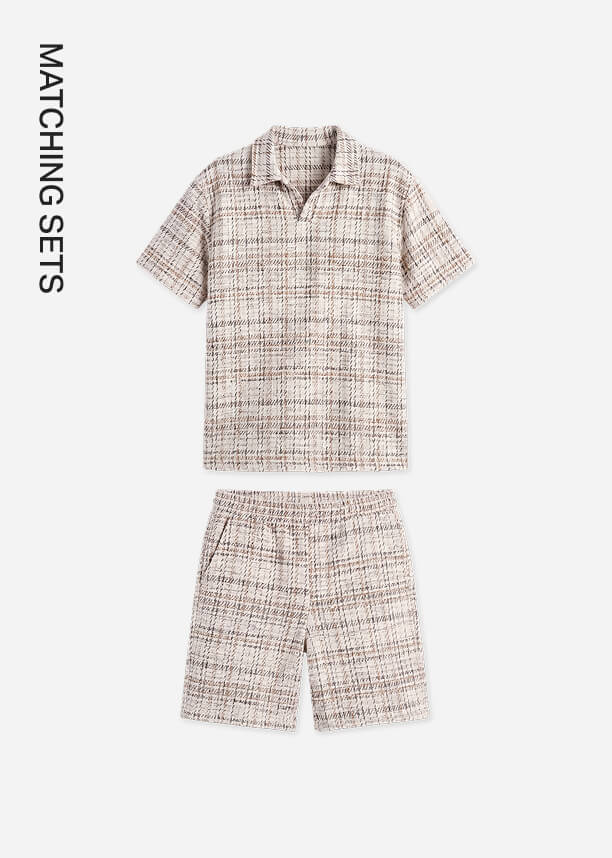 Cream and brown plaid men's matching set with a short-sleeve polo and shorts, showcasing the stylish summer conjuntos collection.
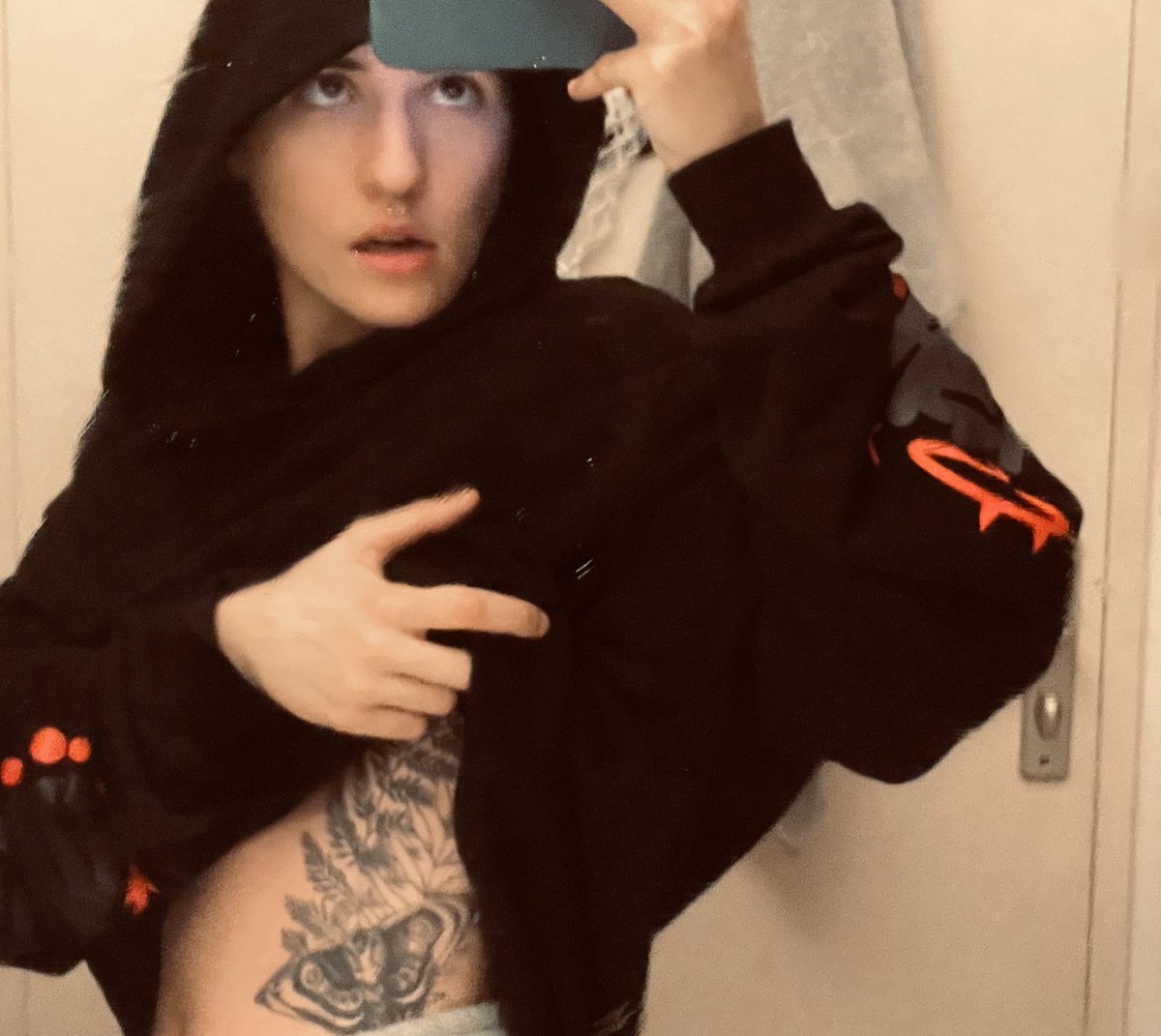 butchyknight's tweet image. ellie’s tattoos with vi’s hoodie, what a combo #wlw #tlou #elliewilliams #vi #arcane #caitvi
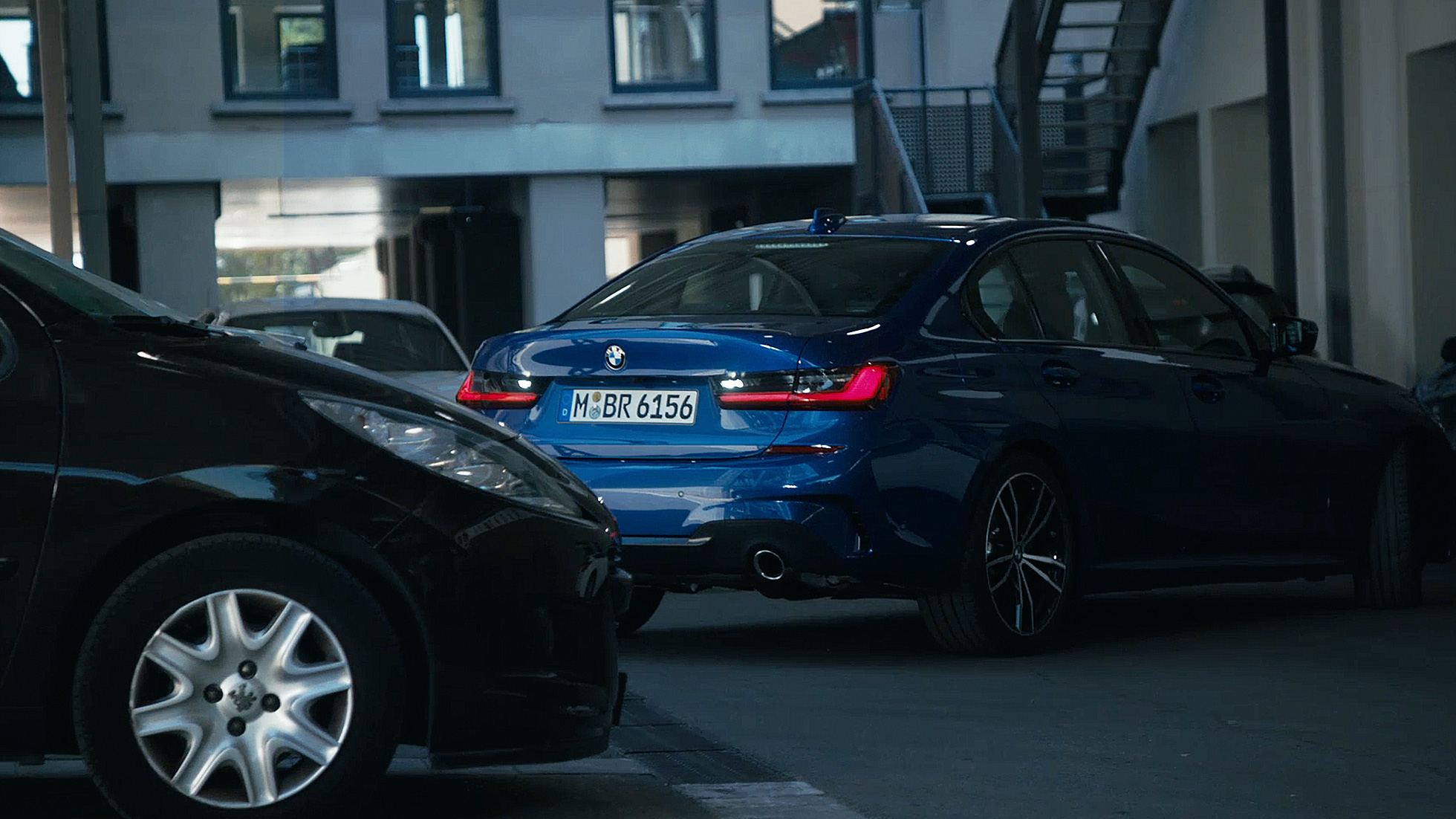 BMW סידרה 3, רכיבים של M Performance. מבט חזית-צד על BMW סידרה 3 החדשה עם רכיבים של M Performance.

What you need to do: Reproduce the material word for word. Skip every picture it holds.

Written response:
 Cream and brown plaid men's matching set with a short-sleeve polo and shorts, showcasing the stylish summer conjuntos collection.
 butchyknight's tweet image. ellie’s tattoos with vi’s hoodie, what a combo #wlw #tlou #elliewilliams #vi #arcane #caitvi
 BMW סידרה 3, רכיבים של M Performance. מבט חזית-צד על BMW סידרה 3 החדשה עם רכיבים של M Performance.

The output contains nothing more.